While most players on the Steam came from around the Okanagan, much of their top talent was imported from Whitehorse, Yukon. Jarrett Malchow, Riley Pettitt and Wyatt Gale all came from that community, and they’re all among the top-five leading scorers on the team.
“Two or three years ago we had a bunch of them come to one of our spring camps,” he said.
“Obviously we liked the way they played. And those boys that originally came to the team enjoyed it enough to finish their careers in junior hockey with us. “It’s been great to have those northern boys here with us.”

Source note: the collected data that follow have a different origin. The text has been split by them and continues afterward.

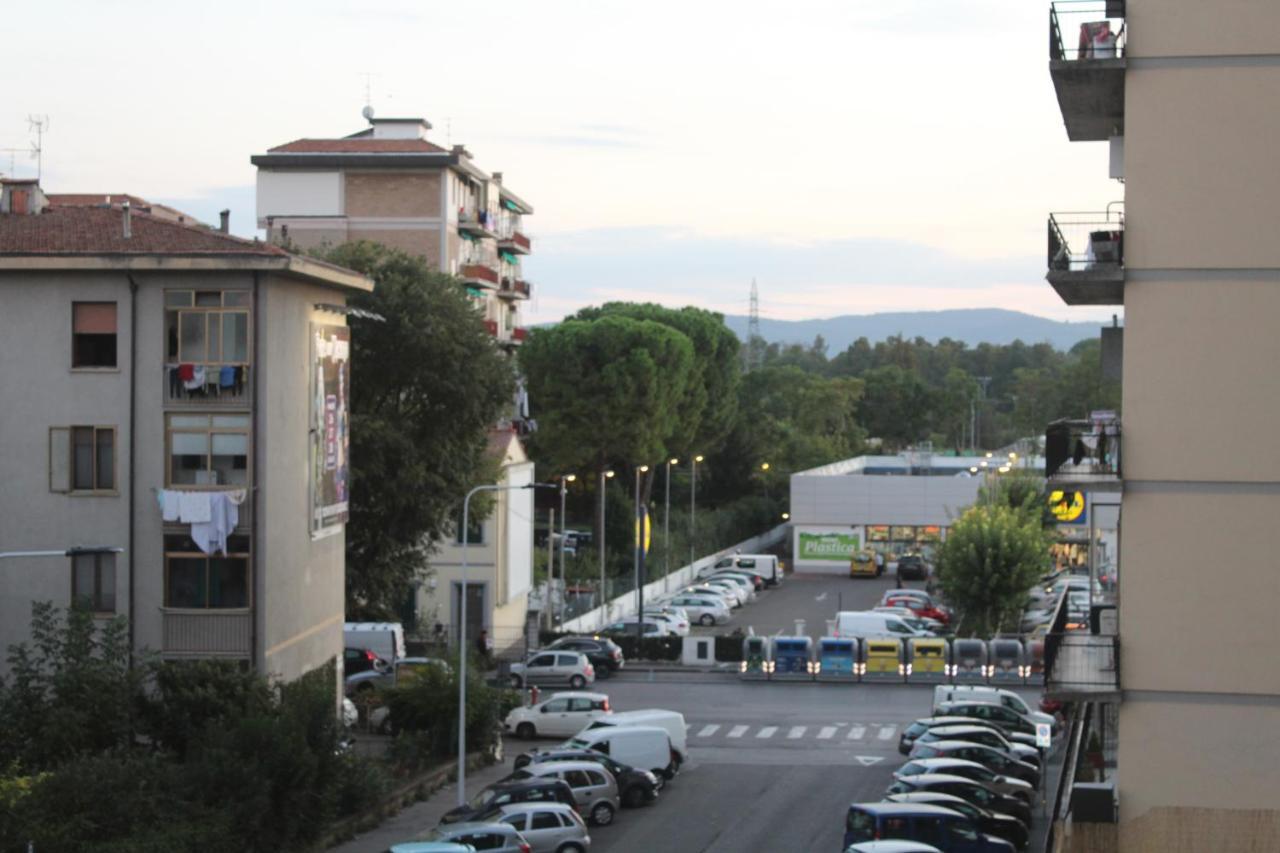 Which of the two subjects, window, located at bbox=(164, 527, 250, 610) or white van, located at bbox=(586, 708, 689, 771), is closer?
window, located at bbox=(164, 527, 250, 610)

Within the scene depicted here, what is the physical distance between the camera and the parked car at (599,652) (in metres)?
52.5

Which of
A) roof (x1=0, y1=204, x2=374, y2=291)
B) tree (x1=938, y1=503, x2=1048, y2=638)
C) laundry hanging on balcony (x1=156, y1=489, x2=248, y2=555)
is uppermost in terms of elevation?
roof (x1=0, y1=204, x2=374, y2=291)

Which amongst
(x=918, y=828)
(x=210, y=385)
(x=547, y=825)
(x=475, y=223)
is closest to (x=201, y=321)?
(x=210, y=385)

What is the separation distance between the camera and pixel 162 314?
107ft

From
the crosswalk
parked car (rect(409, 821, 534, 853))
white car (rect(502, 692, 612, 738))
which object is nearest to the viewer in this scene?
parked car (rect(409, 821, 534, 853))

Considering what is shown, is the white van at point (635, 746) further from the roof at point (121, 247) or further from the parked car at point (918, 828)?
the roof at point (121, 247)

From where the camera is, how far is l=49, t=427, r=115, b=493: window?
3278 cm

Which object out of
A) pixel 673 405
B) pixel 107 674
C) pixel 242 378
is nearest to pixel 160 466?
pixel 242 378

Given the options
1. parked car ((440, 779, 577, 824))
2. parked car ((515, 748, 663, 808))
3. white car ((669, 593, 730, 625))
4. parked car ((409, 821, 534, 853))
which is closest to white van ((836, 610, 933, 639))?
white car ((669, 593, 730, 625))

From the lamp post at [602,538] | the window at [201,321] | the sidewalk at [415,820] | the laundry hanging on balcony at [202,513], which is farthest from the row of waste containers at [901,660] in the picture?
the window at [201,321]

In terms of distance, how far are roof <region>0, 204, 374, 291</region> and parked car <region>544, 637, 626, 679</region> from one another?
66.1 feet

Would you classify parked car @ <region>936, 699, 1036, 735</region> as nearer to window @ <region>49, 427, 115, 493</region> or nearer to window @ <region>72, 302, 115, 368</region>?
window @ <region>49, 427, 115, 493</region>

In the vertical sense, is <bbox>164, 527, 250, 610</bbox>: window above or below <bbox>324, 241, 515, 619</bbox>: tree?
below

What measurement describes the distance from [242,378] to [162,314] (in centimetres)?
183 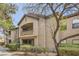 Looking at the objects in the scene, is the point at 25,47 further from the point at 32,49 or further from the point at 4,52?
the point at 4,52

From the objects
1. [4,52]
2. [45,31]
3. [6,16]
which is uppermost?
[6,16]

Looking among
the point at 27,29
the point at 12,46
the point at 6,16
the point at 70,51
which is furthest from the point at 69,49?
the point at 6,16

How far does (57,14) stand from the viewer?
2066 mm

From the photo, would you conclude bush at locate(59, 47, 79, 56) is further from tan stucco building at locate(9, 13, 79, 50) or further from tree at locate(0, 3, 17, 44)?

Although there are 20 teams in the KIJHL and they all face each other during the regular season, each team only competes for a playoff positions against their division rivals. As of press deadline on Wednesday, the Steam were leading the division with 34 points after 23 games, though the Coyotes are only two points behind and have played two less games.
The Steam played at home on Tuesday night against the North Okanagan Knights, defeating them with a score of 2-1, netting both goals in the third period.
Their next game is in enemy territory on Saturday, taking on their rivals the Osoyoos Coyotes at 7:35 p.m.
Summerland’s next home game is Dec. 3 at 7:30 p.m. against the Kelowna chiefs.